◆ DIRECTIONS FOR THIS TASK ◆
Nothing but the lines from the one holding "imageTankaneo Womens Oversized" through the last line of the material below should be set down, exactly and without images.

◆ DATASET CONTENT ◆
--------------------
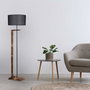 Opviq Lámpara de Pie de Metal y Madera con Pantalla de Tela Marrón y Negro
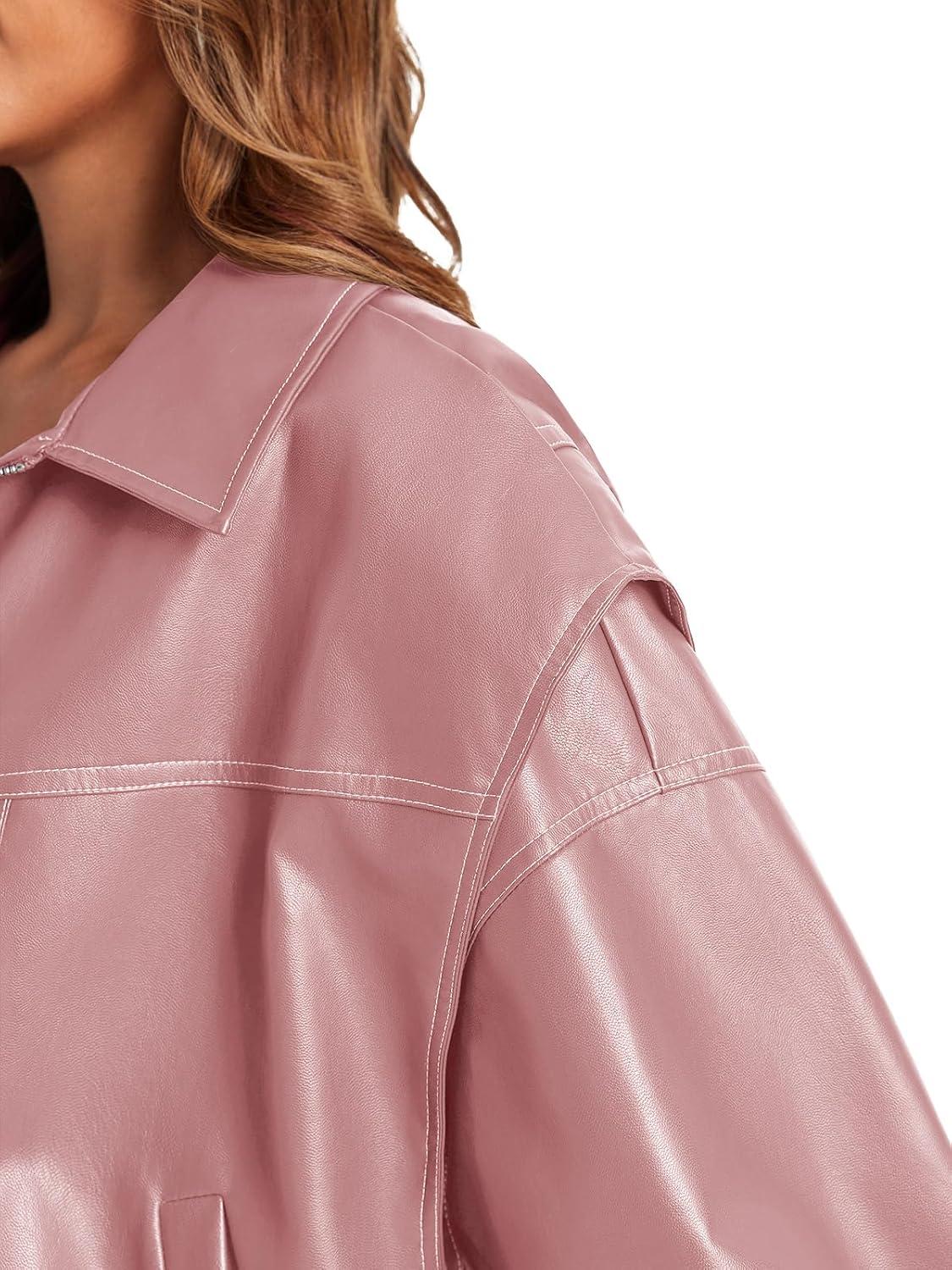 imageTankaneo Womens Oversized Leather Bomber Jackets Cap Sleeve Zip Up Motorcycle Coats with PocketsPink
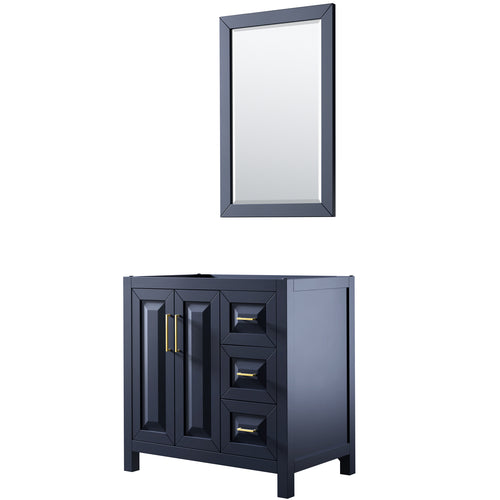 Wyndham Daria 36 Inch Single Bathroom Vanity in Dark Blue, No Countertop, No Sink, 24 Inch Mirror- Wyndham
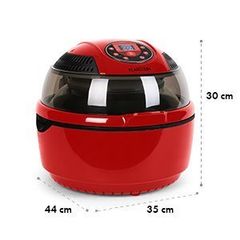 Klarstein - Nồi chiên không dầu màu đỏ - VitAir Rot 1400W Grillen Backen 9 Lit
--------------------
◆ REPLY ◆
 imageTankaneo Womens Oversized Leather Bomber Jackets Cap Sleeve Zip Up Motorcycle Coats with PocketsPink
 Wyndham Daria 36 Inch Single Bathroom Vanity in Dark Blue, No Countertop, No Sink, 24 Inch Mirror- Wyndham
 Klarstein - Nồi chiên không dầu màu đỏ - VitAir Rot 1400W Grillen Backen 9 Lit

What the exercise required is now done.